The PFL is a fighting league for American mixed martial arts. It stands for Professional Fighters League and was founded in 2018.
The new fighting league was designed to break up MMA fights into a regular season, a playoff season and the championships. Before PFL came along, fighters were expected to battle against each other all year round.
The PFL wanted to break up the times to allow different styles of tournaments for both the viewers and the fighters to participate in.
There are six weight classes in the PFL – heavyweight, light heavyweight, welterweight, lightweight, featherweight, and women’s lightweight. Unfortunately, there isn’t more variation in the women’s weight category, which means a lot of great fighters cannot join the PFL.
During the regular season, the fighters earn points, which we will explain below. At the end of the regular season, the three fighters in their respective divisions can move on to the playoffs. After that, the finalists move to the championships. The champion of each division earns a one-million-dollar prize.

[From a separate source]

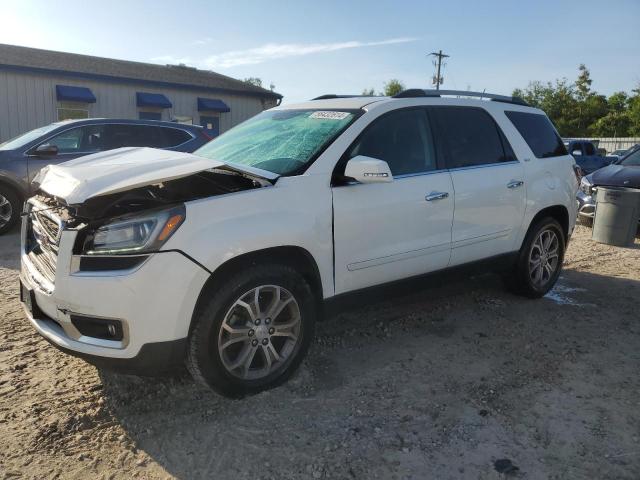 Gmc Acadia (2014)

The point system is designed to encourage fighters to win via finish instead of decision. The same goes for the scheduling.
In the UFC and other MMA leagues, you expect fighters to be paired due to promotional factors, such as who will get the most views. However, the PFL everyone has to fight everyone, and each fighter could battle twice to get to the championship.
This means you don’t need to be popular to get screen time, and newcomers have the same chance to reach the championships as the favorites.
For the fighters themselves, the biggest difference between the UFC and the Professional Fighters League is the standardized prize money. It doesn’t matter which category is getting the most views, each division will be awarded the same winnings.
The same goes for the women’s division. Although, since they only have one division to enter, the woman champion receives the same prize money as the men winners.
The second reason that fighters are moving to PFL is due to their treatment. There are fewer fights in the PFL throughout the year, as they allow for an off-season. This means that fans don’t feel overwhelmed with the number of fights they have to catch up with, and the fighters themselves can schedule time off.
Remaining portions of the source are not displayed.